FOR three decades, young and old readers have loved Madeleine L'Engle1's classic children's science fiction novel "A Wrinkle in Time."
Since it was first published in 1962, the book has not only delighted both children and adults, but it also blazed a new trail in science fiction writing. A 1963 winner of the Newbery Award for best children's book, the novel recounts the intriguing adventure of an adolescent girl, Meg, who journeys through time and space in search of her lost father.
Ms. L'Engle, in an interview from her spacious Manhattan apartment overlooking the Hudson River, says she never meant the book to be exclusively for children.
"I would get calls from editors saying, `Who is this book for?' `Is this book for children?' `Is it a book for grown-ups?' And I would say, `It's for people,"' she says.
When "A Wrinkle in Time" was first making the rounds of publishers, L'Engle received several rejections because the book was so unconventional. Finally, New York publisher Farrar, Straus, & Giroux decided to publish it as a children's book.
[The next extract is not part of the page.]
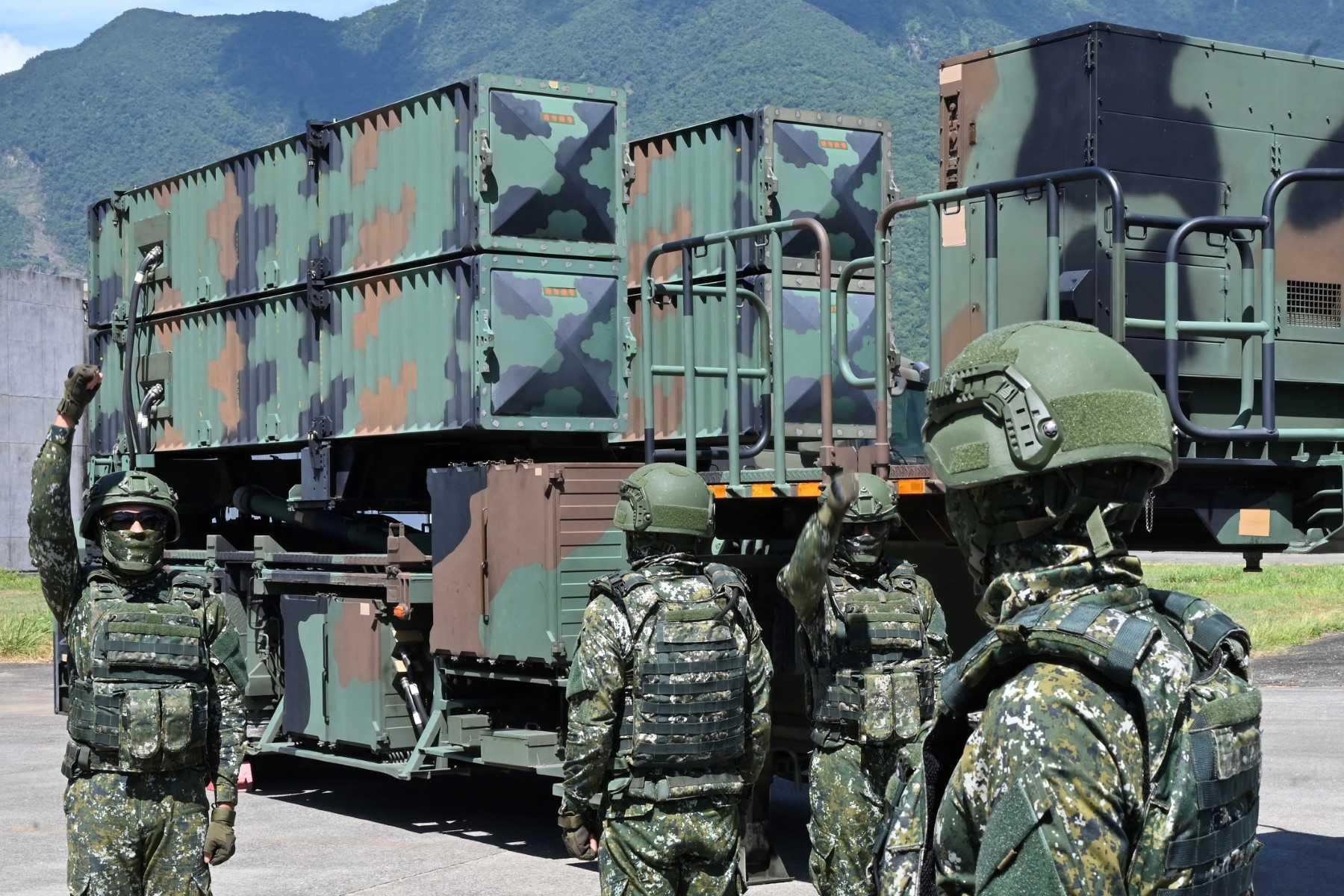 Taiwanese soldiers demonstrate the operation of the locally-developed Sky Bow III surface-to-air missile system during a media event at Hualien Air Force Base on Aug 18, 2022. Photo: AFP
Attired in a colorful purple and blue smock dress, L`Engle says she grew up in a family that honored stories and books. Every night, she says, her parents would read aloud to each other.
"I grew up on fantasy and science fiction. And it always seemed to me that this is a genre best suited for speculative, conceptual writing," she says. "It turned out that [A Wrinkle in Time] was too difficult for adults and therefore we would have to market it for children," she says with a twinkle.
A prolific writer with more than 40 books to her credit, L'Engle has targeted both adult and youthful audiences. She is best known, however, for "A Wrinkle in Time," followed by the two sequels "A Wind in the Door" and "A Swiftly Tilting Planet" of her so-called "Time Trilogy" series.
But it is "A Wrinkle in Time" that readers most remember. The book not only tells an exciting, fantasy-like adventure of three engaging child characters, but it also raises deeper philosophical issues.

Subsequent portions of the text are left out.